Schmitz recalls celebrating an amusing Fourth of July that year at the Kimmswick estate of Gladney's Aunt Lucianna, with Gladney and his cousin, John Ross — well known around town as a gun enthusiast and firearms instructor — entertaining friends by shooting into the Mississippi River. Two weeks later a lease for the Hadley-Dean's ground floor was drawn up. Plans were made for Crater's and Gladney's company — now called Downtown North Development Group — to become a minority owner in the restaurant, to be dubbed Mosaic.

Unlike Joe Taylor, Schmitz doesn't recall any initial misgivings about Gladney. "Although he was exuberant," the chef says, "he was not out of whack."
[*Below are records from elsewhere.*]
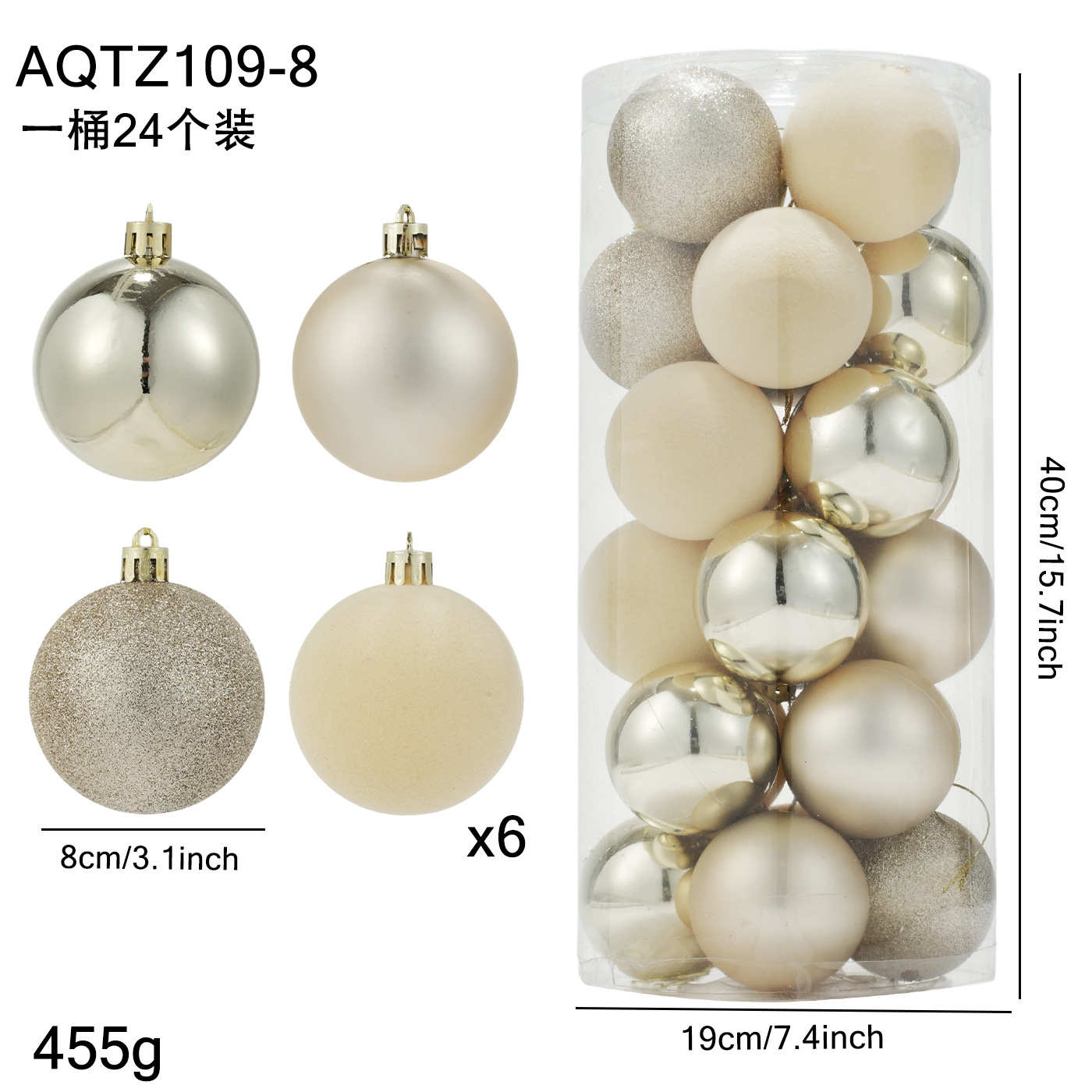 Bolas de Navidad Blancas de 8CM / 24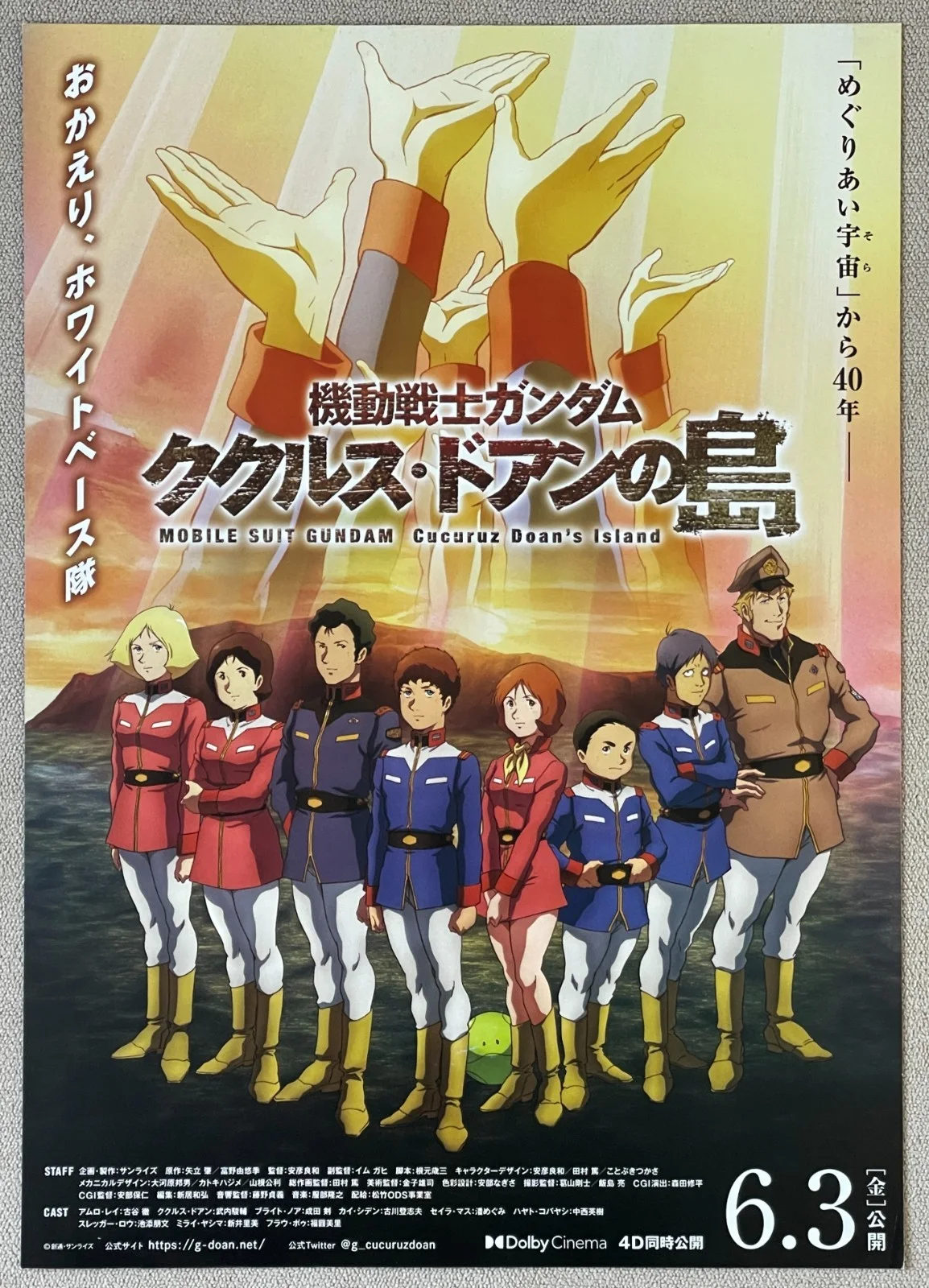 Mobile Suit Gundam Cucuruz Doan's Island -japan Chirashi movie flyer B5 size, изображение 2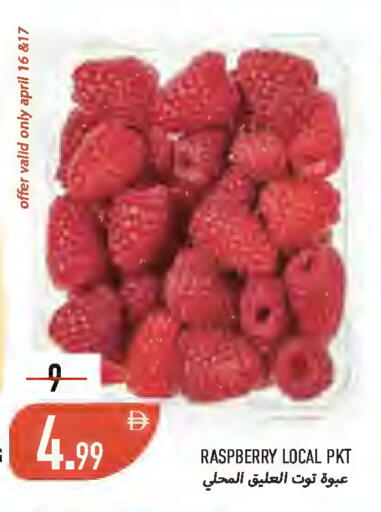 Raspberry available at Rawabi Market Ajman in UAE - Sharjah / Ajman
In early 2007 Claus Schmitz sat down for a glowing Q&A with St. Louis Magazine in which he was asked what advice he'd give to would-be restaurateurs. "If you're not business-savvy, find a partner who is," Schmitz replied. "That being said, choose your partners wisely."

By then Schmitz must have been kicking himself for the choice he'd made.

When Mosaic opened in December 2004, the local food press showered praise upon Schmitz's tapas and the gorgeous interior design by Baseline Workshop. But two former bartenders have unpleasant memories that go all the way back to the eatery's earliest days.

Aimée Boss, then 28, of Belleville, and Morgan Hagedon, then 25, of St. Louis, claim that from the moment Mosaic opened, Andrew Gladney sexually harassed them.

Boss quit on January 19, 2005; Hagedon was gone by the end of February. On July 14 of that year, the two went to the Missouri Commission on Human Rights and filed charges of discrimination, alleging that Gladney's offensive behavior had forced them out.

"From the beginning there was trouble with Mr. Gladney," Boss states in her harassment claim. "He cursed, using the word 'fuck' over and over again and shouted at me and other bartenders. He screamed 'Don't point your fucking finger at me!' and 'Get your fucking ass over here and make me a drink!'"

According to Boss' statement, Gladney visited the bar nearly every night and came on to her from day one. She claims that an encounter on January 19, 2005, when Gladney had two friends in tow, precipitated her resignation:

"He pulled me over and whispered to me that I should make sure that I do 'whatever and anything it takes to please' his guests and him. Later that night he invited me to 'party' after work with him and his friends. He used the term 'party' to refer to using drugs and sexual conduct. He also asked me to drink some shots so that I would 'loosen up' because according to him 'you always act like you are on your period.' He told me to come up to his office and do cocaine with him. He said cocaine 'will relax you while you suck my cock.' Then he said he would do the coke while I gave him oral sex. He went on and on about how he wanted to do coke in parts of my body and on top of my breasts.... He told me repeatedly that he wanted me to 'suck his dick' while he does coke. Then he suggested that I call my fiancé so that Mr. Gladney could perform oral and anal sex on my fiancé. He went on like this and with even more explicit detail for quite some time."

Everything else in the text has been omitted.